A number of sociolinguistic studies of oral language have confirmed the influence of social context on speech. In a review of research on language acquisition, Cazden (1970) stresses the situational relativity of children’s speech and cites research evidence that shows the influence of such situation-specific factors as topic, task, and speaker-listener relationship. Labov (1970) cites the influence of these same factors on stylistic shifts, and he asserts that “there are no single-style speakers... every speaker will show some variation in phonological and syntactic rules according to the immediate context in which he is speaking” (p. 16). A similar conclusion appears to hold true for writing. Discourse theorists and teachers of composition (Booth, 1975; Gibson, 1969; Kinneavy, 1980) argue that writing does not exist in a vacuum, that a writer’s purpose and knowledge of audience and subject shape the stylistic and substantive choices the writer makes. This point of view receives some support from several recent studies that show that certain groups of writers vary syntax according to the rhetorical context, the audience, and purpose for which they are writing (Crowhurst & Piché, 1979; Rubin & Piché, 1979).
By studying the ways that rhetorical context influences writing, researchers have begun to confirm assumptions that are widely held but that have not been subjected to careful testing. Moreover, results of these studies help justify pedagogical and evaluative practices recommended by Lloyd-Jones (1977), Moffett (1968), and others. However, studies of written language are limited in two respects. For one thing, composition researchers have carried out their work in classroom or experimental settings. With few exceptions (e.g., Scribner & Cole, 1978), researchers have not studied the writing people do as a part of their daily lives in nonacademic settings. Moreover, few researchers have attempted to understand the tacit personal knowledge that writers bring to bear on their writing tasks. Thus, existing research tells us, for example, that the syntax of student writing addressed to a teacher may differ from the syntax of student writing addressed to a close friend. But this research is not likely to help us understand the tacit knowledge the writers brought to bear on these tasks. We cannot determine what assumptions writers made or what background knowledge they had concerning the audience, the topic, and the strategies that might be appropriate for achieving their assigned purpose with a given audience.
These limitations seem important. We know (Goswami, 1978; Van Dyck, 1980) that some workers in nonacademic settings frequently have to write for diverse audiences and purposes. We have reason to think (Knoblauch, 1980; Odell & Goswami, 1982) that some of these workers possess detailed, useful information concerning the occupational and rhetorical context for their writing. We believe that much of this information may be tacit knowledge. That is, having derived it through repeated experience, writers can use it without having to formulate it consciously each time they write. We also believe that this knowledge may be of interest to both theorists and teachers. Consequently, we want to raise a methodological question that will occupy the rest of this chapter. How can researchers get at the tacit knowledge of people who write in nonacademic settings? What methodology will enable writers to make explicit the knowledge or strategies that previously may have been only implicit?

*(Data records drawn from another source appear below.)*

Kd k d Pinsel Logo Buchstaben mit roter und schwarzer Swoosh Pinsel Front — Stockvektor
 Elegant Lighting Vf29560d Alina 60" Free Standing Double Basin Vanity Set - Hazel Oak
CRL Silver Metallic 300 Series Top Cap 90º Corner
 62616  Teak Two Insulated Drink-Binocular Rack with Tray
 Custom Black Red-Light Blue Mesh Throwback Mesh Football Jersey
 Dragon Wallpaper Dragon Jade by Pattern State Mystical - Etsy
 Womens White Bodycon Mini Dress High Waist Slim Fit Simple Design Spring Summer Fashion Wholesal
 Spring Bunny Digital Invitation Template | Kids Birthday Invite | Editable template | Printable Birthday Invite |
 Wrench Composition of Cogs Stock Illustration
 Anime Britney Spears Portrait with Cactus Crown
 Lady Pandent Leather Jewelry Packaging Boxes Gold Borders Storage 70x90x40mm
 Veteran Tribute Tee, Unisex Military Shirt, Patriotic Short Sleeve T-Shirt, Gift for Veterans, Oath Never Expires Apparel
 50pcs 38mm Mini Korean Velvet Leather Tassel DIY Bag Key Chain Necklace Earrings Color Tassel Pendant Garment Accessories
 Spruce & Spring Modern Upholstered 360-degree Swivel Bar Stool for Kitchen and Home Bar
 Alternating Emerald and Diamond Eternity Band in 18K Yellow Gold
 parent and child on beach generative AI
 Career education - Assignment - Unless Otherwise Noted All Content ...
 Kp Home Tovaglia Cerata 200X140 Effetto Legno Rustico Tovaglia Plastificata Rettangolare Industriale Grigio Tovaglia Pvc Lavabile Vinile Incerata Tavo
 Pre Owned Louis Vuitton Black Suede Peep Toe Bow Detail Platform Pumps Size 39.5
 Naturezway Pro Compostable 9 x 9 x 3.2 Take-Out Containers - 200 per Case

Our answer to these questions is illustrated in the following letter from a business executive to a sales representative. This letter, part of a larger sample collected from this executive, has been modified so that at five points it indicates both the original text and an alternative the writer might have chosen. In three of these instances (1, 4, and 5), the writer was asked to consider using an alternative form for each of the following: addressing his reader (1), asking the reader to perform an action (4), and referring to himself (5). At two other points, the writer was asked to consider deleting an introductory, context-setting statement (bracketed passage at 2) and a passage that elaborates on a general term (bracketed passage at 4). In all five instances, the alternatives were, in fact, reflected in some other piece of this executive’s work-related writing. To elicit information concerning the writer’s tacit knowledge about the rhetorical context for the letter, an interviewer asked, in effect, two basic questions: “Here you do X. In other pieces of writing, you do Y or Z. In this passage, would you be willing to do Y or Z rather than X? What basis do you have for preferring one alternative to the other?”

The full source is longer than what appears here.